What you will do:
In the records below, the lines between the one holding "XVIII edycja Konkursu" and the one holding "NOTATKI Z GETTA ŁÓDZKIEGO 1941-1944", inclusive, are to be transcribed exactly; no pictures are to be included.

Data to examine:

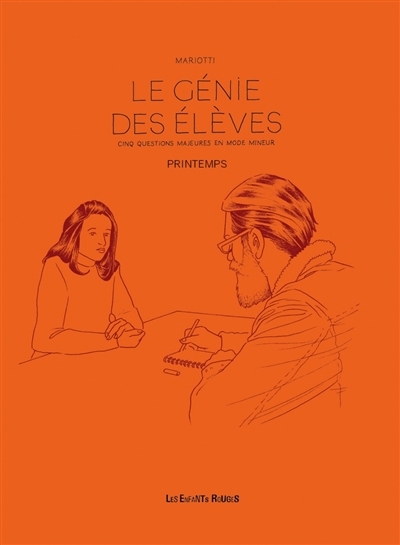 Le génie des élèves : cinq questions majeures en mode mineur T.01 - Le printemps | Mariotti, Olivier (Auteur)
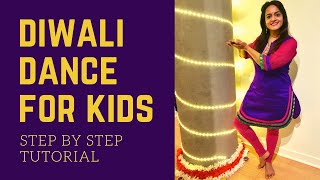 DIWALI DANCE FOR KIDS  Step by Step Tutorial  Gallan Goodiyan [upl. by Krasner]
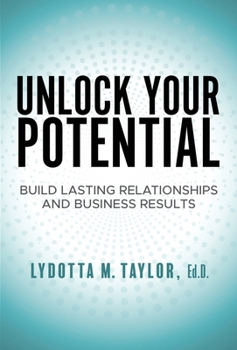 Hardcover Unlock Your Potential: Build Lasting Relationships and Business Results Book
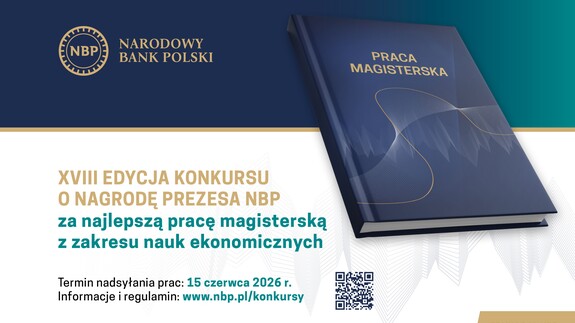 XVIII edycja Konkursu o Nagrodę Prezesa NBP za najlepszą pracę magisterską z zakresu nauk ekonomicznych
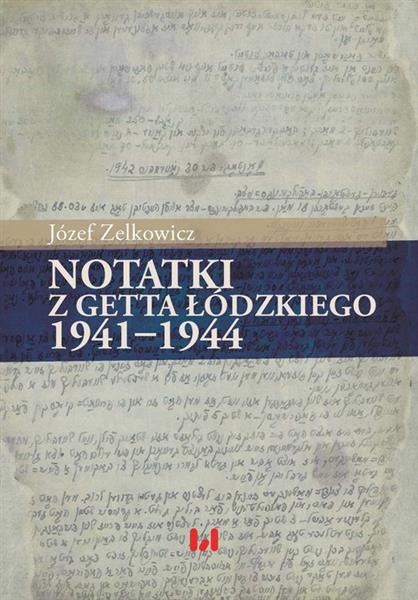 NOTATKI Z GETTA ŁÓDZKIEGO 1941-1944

---

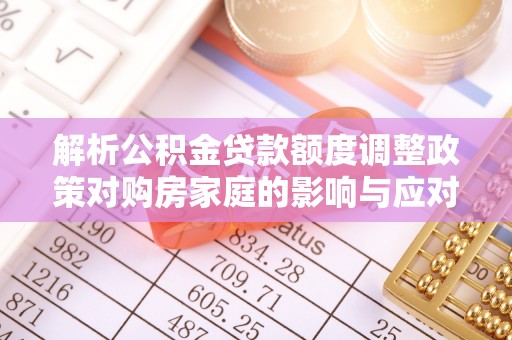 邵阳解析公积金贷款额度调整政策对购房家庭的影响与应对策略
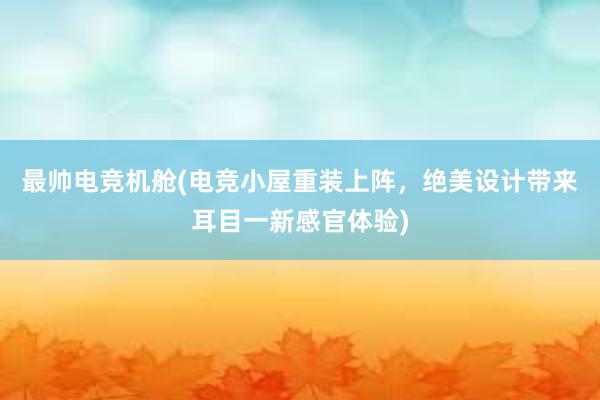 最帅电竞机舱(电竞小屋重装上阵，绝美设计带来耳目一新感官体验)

Task response:
 XVIII edycja Konkursu o Nagrodę Prezesa NBP za najlepszą pracę magisterską z zakresu nauk ekonomicznych
 NOTATKI Z GETTA ŁÓDZKIEGO 1941-1944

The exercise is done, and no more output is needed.